Their main site is at http://www.antipiracy.fi/inenglish/ , with participants listed at http://www.antipiracy.fi/lisatietoa/toimijat/
Same bunch of puppets behind the widenation.fi campaign which got mentioned on http://www.boingboing.net/2010/05/20/finnish-record-indus.html

They now claim that
a) 33% would have bought music from (internet) shops if there wouldn’t have been a free option
b) 16% of all households download “illegal” files
c) average amount of downloaded music per household was 380 tracks, most done by teens and young adults
d) in households of people over 50 years of age, there’s almost no “illegal” downloading
e) 355 million euros lost annually by downloading – but as usual, there are no details at all how this figure was determined

So now lyhty is trying to drive through a two-stop mechanism in Finland, consisting of a warning letter and then suing to court.

2. http://yle.fi/uutiset/talous_ja_politiikka/2010/05/wallin_lupaa_toimia_nettipiratismin_kitkemiseksi_1710113.html
(URL title: Wallin promises actions to curb internet piracy)

Stefan Wallin is the minister of culture in Finland.

Translation:
Stefan Wallin thinks the “new” information about widespread internet piracy is startling.
Says these show that electronic commerce isn’t in shape in Finland.
He promises to propose an amendment in the law already during this year, which is aimed at making “three strikes”-threats possible.
Of course usual BS about letting parents know about their children pirating on the net is included in the reasoning.

3. http://yle.fi/uutiset/kotimaa/2010/05/nettikommentoijat_purkivat_nettipiratismin_taustoja_1709933.html
(URL title: Selected comments to previous article)

4. http://www.uusisuomi.fi/kulttuuri/93366-nettilataaja-viimeinen-varoitus-tulossa
(URL title: Internet downloader, your last warning is about to arrive)
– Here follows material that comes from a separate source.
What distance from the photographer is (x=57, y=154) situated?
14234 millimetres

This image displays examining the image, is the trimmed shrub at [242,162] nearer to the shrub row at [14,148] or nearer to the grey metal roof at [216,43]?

Additional info to the above ones:
Amendment to the law is already done in ministry of education and culture, about to be sent into parliament handling!
( http://www.minedu.fi/OPM/Tiedotteet/2010/05/wallin_nettipiratismi.html?lang=fi )
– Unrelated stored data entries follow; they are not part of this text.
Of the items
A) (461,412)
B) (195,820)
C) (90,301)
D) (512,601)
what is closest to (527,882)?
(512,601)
5. http://yle.fi/uutiset/kulttuuri/2010/05/tietoliikenneala_hyvaksyy_varoituskirjeet_tietyin_ehdoin_1710867.html
(URL title: FiCom aka Finnish Federation for Communications and Teleinformatics approves warning letters with some conditions)
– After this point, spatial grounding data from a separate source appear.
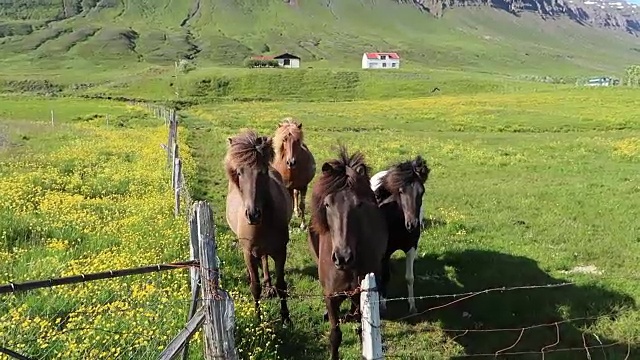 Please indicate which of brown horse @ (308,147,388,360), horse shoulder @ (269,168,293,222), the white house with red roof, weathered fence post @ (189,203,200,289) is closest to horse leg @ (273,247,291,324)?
horse shoulder @ (269,168,293,222)

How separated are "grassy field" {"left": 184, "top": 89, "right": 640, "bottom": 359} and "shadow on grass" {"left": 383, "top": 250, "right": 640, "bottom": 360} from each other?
0.02 m

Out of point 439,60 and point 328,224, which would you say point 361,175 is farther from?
point 439,60

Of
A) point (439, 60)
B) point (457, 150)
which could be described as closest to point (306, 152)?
point (457, 150)

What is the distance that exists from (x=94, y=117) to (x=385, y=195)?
41.7 meters

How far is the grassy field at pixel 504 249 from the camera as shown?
8.23 m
Reijo Svento from FiCom says: We’re going to live with this new law, in case parliament decides to rubber-stamp on it. He also claims that this is going on worldwide..
It also requires a change into law about electronic privacy, since at the moment ISP’s cannot handle customer records due to piracy suspicions.
FiCom’s conditions:
a) Warning letters must be sent coming from the holder of IP
b) They must also bear the costs
c) ISP’s must not be required to keep records about people who have been suspected for piracy
And a comment from pirate party, see #6.

Suvi Lindén is also mentioned. She’s famous for being minister of communications without a clue how to handle anything regarding to her position.
Read: Whatever IP baddies whisper to her, will happen.

6. http://www.piraattipuolue.fi/ajankohtaista/lehdistoetiedotteet/474-piraattipuolue-ei-halua-uhkailukirjeitae-yhteenkaeaen-kotiin
(URL title: Pirate party doesn’t want threatening letters sent to any homes)

7. http://blog.starwreck.com/2010/05/25/avoin-kirje-ministeri-stefan-wallinille/
(URL title: An open letter to minister Stefan Wallin)

There’s a note in english at the bottom: “This post is in Finnish, an open letter to Finland’s minister of culture, who is ramping up anti-piracy initiatives in a way we find destructive to the media business.”
They are the makers of Star Wreck movie and currently working on Iron Sky.
Very good and thorough points, like why the effort (and money) isn’t spend on making those ecommerce shops available and good enough instead of threatening the buyers?
Another – would Wallin want to have all the mail examined because of financial crimes?

8. http://blog.piraattipuolue.fi/2010/05/piratismi-tuottaa-kansalle-yli-miljardi-euroa-voittoa-vuodessa/
(URL title: Piracy profits the people with over a billion euros annually)

Comment on the debate from blog of Pirate party.